The area A of a triangle whose sides have lengths a, b, and c is given by Heron's formula: A = sqrt(s(s-a)(s-b)(s-c)), where s = (a+b+c)/2. The radius of the incircle or inscribed circle (also known as the inradius, r) is given by r = A/s.

From n = 17, it is possible to find couples of triangles with the property: r1 > r2 and A1 < A2 where A1, A2 are the consecutive areas corresponding to the inradius r1, r2. For example, a(17) = 1734 with (a,b,c) = (51, 68, 85) and a(18) = 1710 with (a,b,c) = (57, 65, 68).

Another interesting property of this sequence is that a(n) is divisible by 6 and, except n = 3, a(n)/6 = n^2 if n prime, hence the proposition:

Among the set of triangles whose area and sides are integers and whose inradius r is a prime number other than 3, the smallest area A is given by A = 6r^2.

Example: if r = 5, the areas of the triangles are {150, 210, 270, 330, 390, 510, ...} and the smallest area of them is A = 6*5^2 = 150 because 5 is prime.

Proof: Let r be a number such that the sides of a triangle are a = 3r, b = 4r, c = 5r. Then s = (a+b+c)/2 = 6r and A = sqrt(s(s-a)(s-b)(s-c)) = sqrt(36r^4) = 6r^2 is a possible area. Is 6r^2 the smallest area? The response is no in the general case for the composite numbers.

Writing a = (m+n)/2, b = (n+l)/2, c = (l+m)/2, and using rs = A and Heron's formula for A, we find lmn = 4r^2(l+m+n). Since m, n and l have to be of the same parity for a, b and c to be integral, they must therefore be even. Setting l = 2u, m = 2v, and n = 2w, we have a = v+w, b = w+u, c = u+v, and uvw = r^2(u+v+w). Then r^2 = uvw/(u+v+w).

First case: If r = p is prime, we prove that A = 6p^2 is the smallest area of all the triangles whose inradius is p. Suppose A' < A with inradius(A') = p. The area A is the corresponding value of the triangle (u,v,w) = (1*p, 2*p, 3*p) because 6p^3/6p = p^2. However, inradius(A') = p => u'v'w'/(u'+v'+w') = p^2 => (u',v',w') = (u,v,w) and A is the smallest area.

Second case: If r = q is composite, the triangle (u,v,w) = (1*q, 2*q, 3*q) gives an area A with inradius(A) = q, but it is possible to find A' < A with inradius(A') = q; for example, if q = 10, the triangle (u,v,w) = (30, 20, 10) whose area is A = 600 gives sqrt{(30*20*10)/(30+20+10)} = sqrt(6000/60) = 10 and the triangle(u',v',w') = (24,15,15) whose area is A' = 540 gives sqrt{(24*15*15)/(24+15+15)} = sqrt(5400/54) = 10.

(End)

The sequence gives the sorted areas of primitive triangles which have integer side lengths and integer areas.

Theorem 1: Consider a triangle whose area A, sides (a,b,c), inradius r and the radius of whose three excircles r1, r2, r3 are integers.
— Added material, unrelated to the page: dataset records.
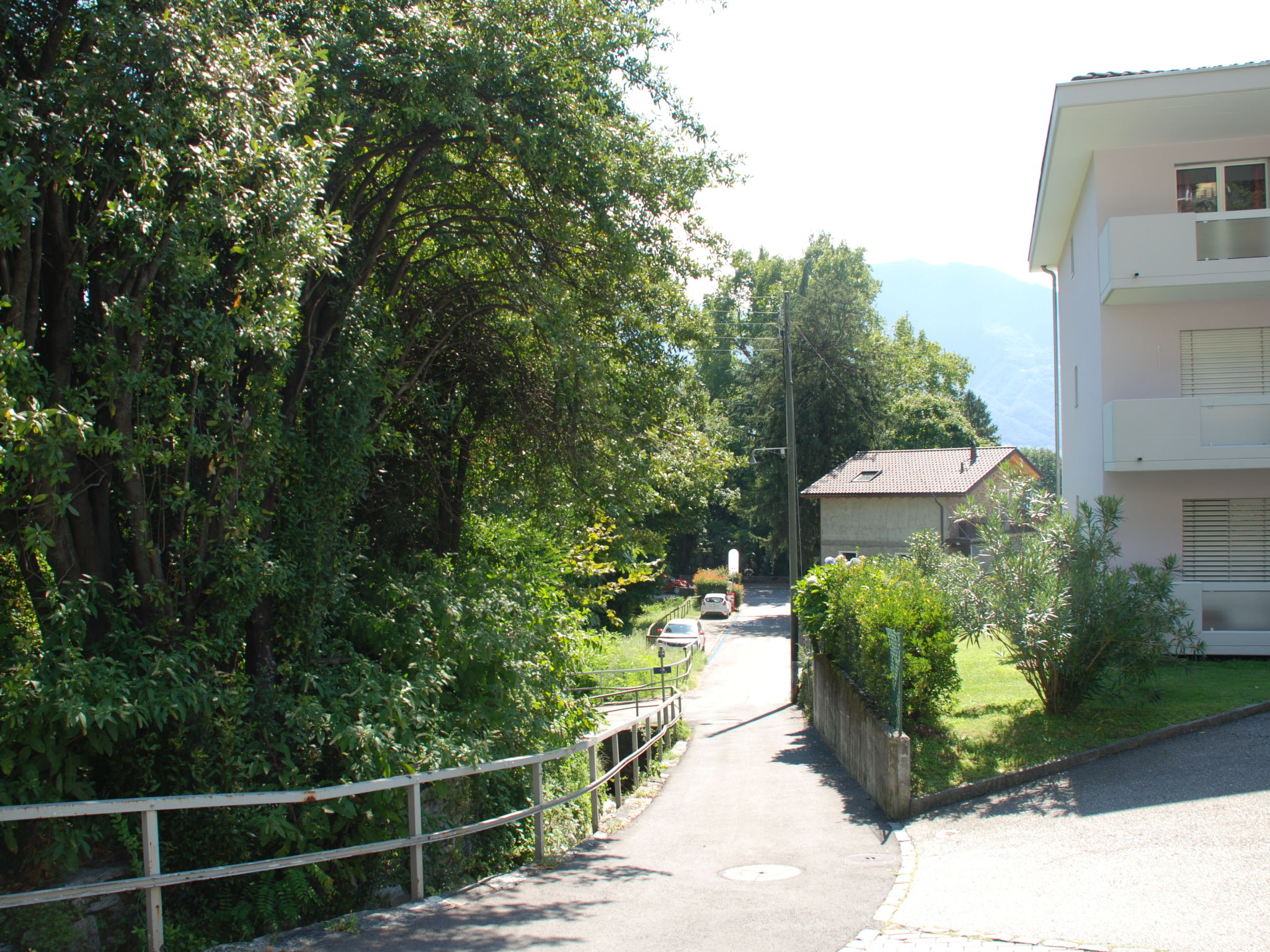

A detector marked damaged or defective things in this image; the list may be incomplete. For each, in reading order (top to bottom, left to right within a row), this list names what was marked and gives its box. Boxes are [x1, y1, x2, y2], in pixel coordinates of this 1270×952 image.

rusty metal railing post [141, 812, 164, 952]
rusty metal railing post [406, 782, 427, 904]
rusty metal railing post [528, 766, 543, 868]
rusty metal railing post [589, 746, 599, 832]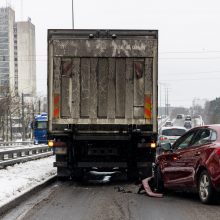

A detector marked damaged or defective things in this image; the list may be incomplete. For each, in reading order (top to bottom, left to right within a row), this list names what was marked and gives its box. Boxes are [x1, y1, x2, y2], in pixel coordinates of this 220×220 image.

damaged red car [154, 124, 220, 204]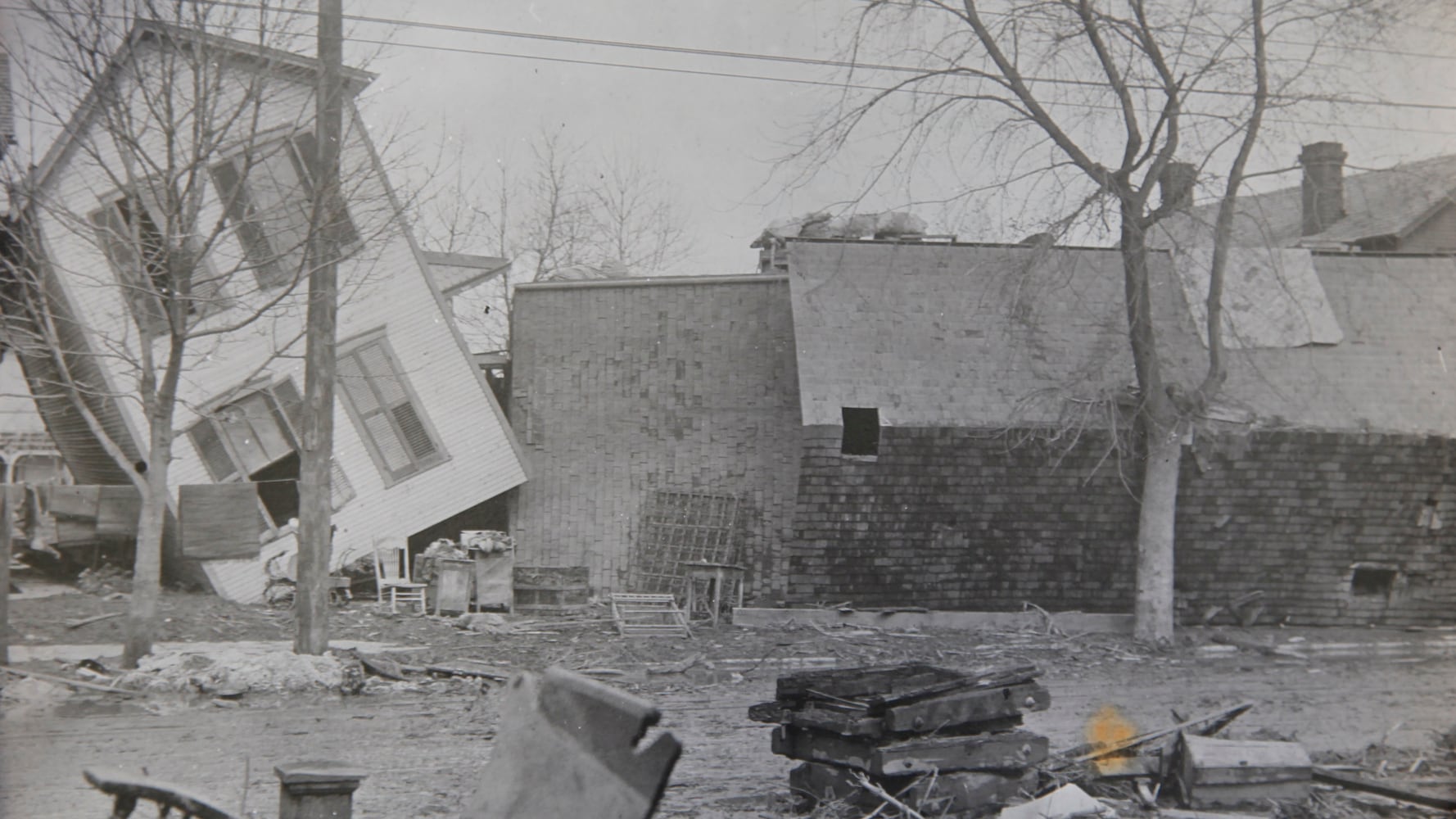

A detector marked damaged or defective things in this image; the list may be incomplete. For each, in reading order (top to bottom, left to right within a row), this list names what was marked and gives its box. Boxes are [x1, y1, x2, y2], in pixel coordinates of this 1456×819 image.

damaged roof [783, 239, 1454, 439]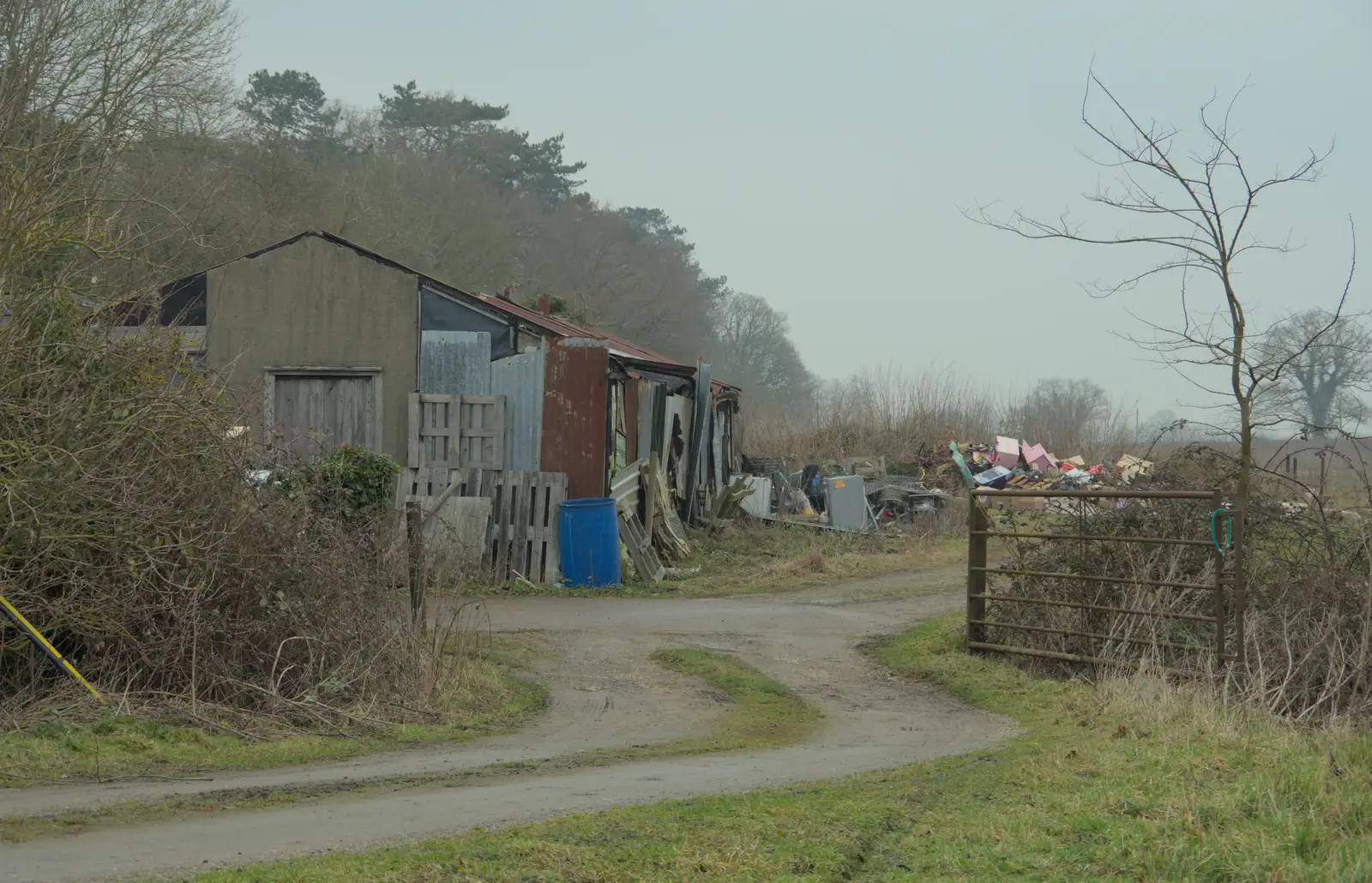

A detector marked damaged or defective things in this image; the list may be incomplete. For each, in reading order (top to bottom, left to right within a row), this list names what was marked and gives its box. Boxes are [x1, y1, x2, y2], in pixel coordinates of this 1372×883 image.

rusty sheet metal panel [488, 345, 540, 472]
rusty sheet metal panel [538, 339, 609, 504]
rusty corrugated metal wall [543, 339, 609, 499]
Then the sum a^2 + b^2 + c^2 + r^2 + r1^2 + r2^2 + r3^2 is a perfect square equal to 16R^2, where R is the circumradius.

Proof: (r1 + r2 + r3 - r)^2 = r1^2 + r2^2 + r3^2 + r^2 + a^2 + b^2 + c^2 because: r1*r2 + r2*r3 + r3*r1 - r*r1 - r*r2 - r*r3 = (a^2 + b^2 + c^2)/2 (formula from Feuerbach - see the link). But r1 + r2 + r3 - r = 4*R (see the reference: Johnson 1929, pp. 190-191), hence the result. Remark: R is not necessarily an integer; for example, at a(1) = 6 with (a,b,c) = (3, 4, 5) we obtain r = 1, r1 = 2, r2 = 3, r3 = 6 and R = 5/2. Then 3^2 + 4^2 + 5^2 + 1^2 + 2^2 + 3^2 + 6^2 = 16*(5/2)^2 = 10^2. Nevertheless, if R is an integer, then r, r1, r2 and r3 are necessarily integers (see the following theorem). The subset of a(n) with R integer is A208984 = {24, 96, 120, 168, 216, 240, 336, 384, 432, 480, 600, ...}

Theorem 2: Consider a triangle whose area A, sides (a,b,c) and circumradius R are integers. Then the inradius r and the radius of the three excircles r1, r2, r3 are also integers.
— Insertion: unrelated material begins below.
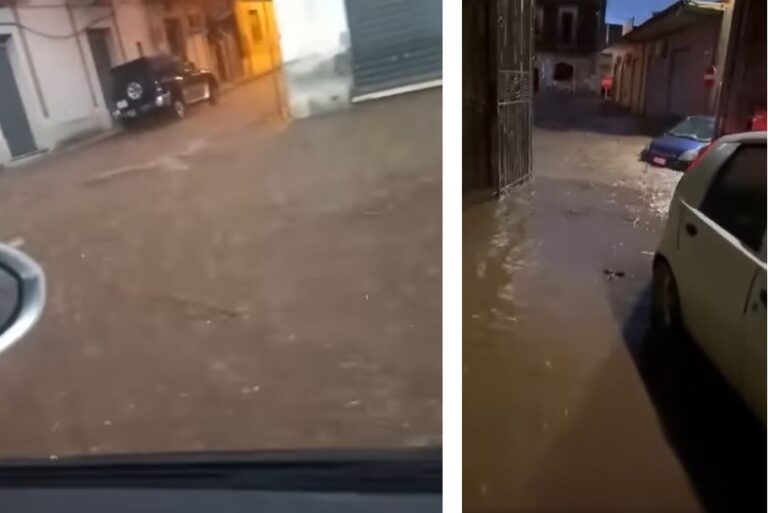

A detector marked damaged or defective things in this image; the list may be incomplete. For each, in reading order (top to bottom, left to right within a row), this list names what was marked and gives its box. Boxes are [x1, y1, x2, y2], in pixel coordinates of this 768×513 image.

rusty gate bar [496, 0, 532, 194]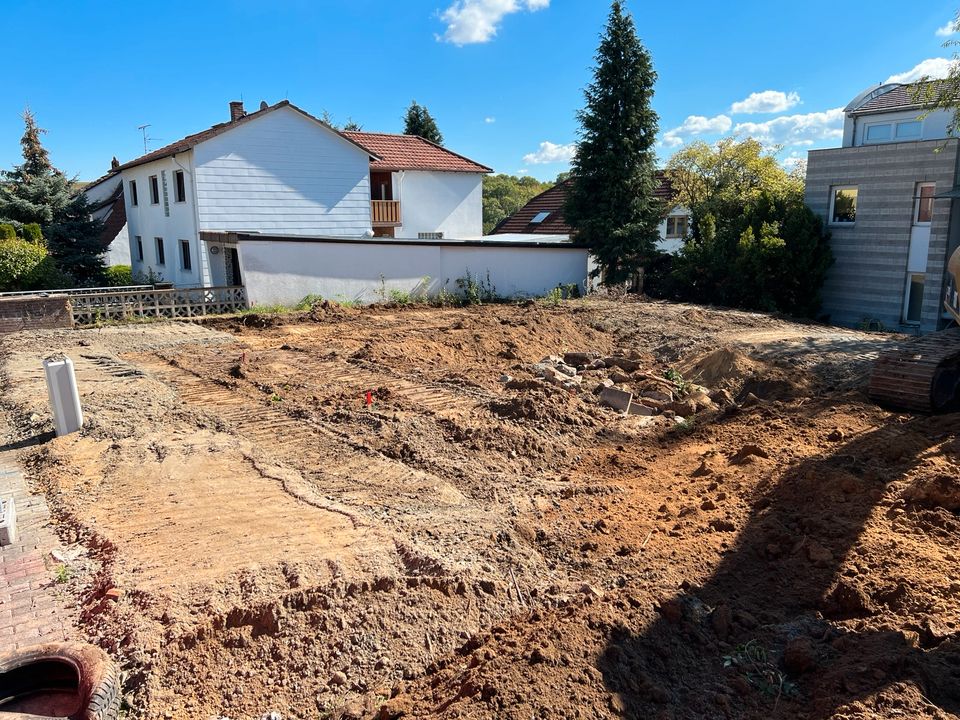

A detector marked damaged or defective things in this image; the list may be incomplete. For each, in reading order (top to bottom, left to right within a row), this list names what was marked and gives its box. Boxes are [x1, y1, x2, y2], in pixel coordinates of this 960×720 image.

broken concrete chunk [600, 386, 632, 414]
Proof: Let s be the semiperimeter, let s*A = r1*r2*r3 be an integer, and let r*r1*r2*r3 = A^2 also be an integer => r is an integer. r1 = A/(s-a), r2 = A/(s-b), r3 = A/(s-c) => r1*r2 = s*(s-c), r1*r3=s*(s-b), r2*r3 = s*(s-a) are integers. Because r1*r2*r3 is an integer => r1, r2, r3 are integers.

Properties of this sequence :

There exists three class of numbers included into a(n) :

(i) A subset such that {150, 600, 1350, 2400, 3750, 5070,…} where the sides a h1 = b, h2 = a, h3 = a*b/c.

(ii) A subset such that a(n) = 300*n^2 = {300, 1200, 2700, 4800, …} where the triangles (a,b,c) are isosceles with a = b < c, and it is easy to check that a = b = 25*n, c=30*n, h1 = h2 = 24*n and h3 = sqrt(b^2 - c^2/4).

(iii) A subset such that {1050, 4200, 9450,…} without the precedent properties.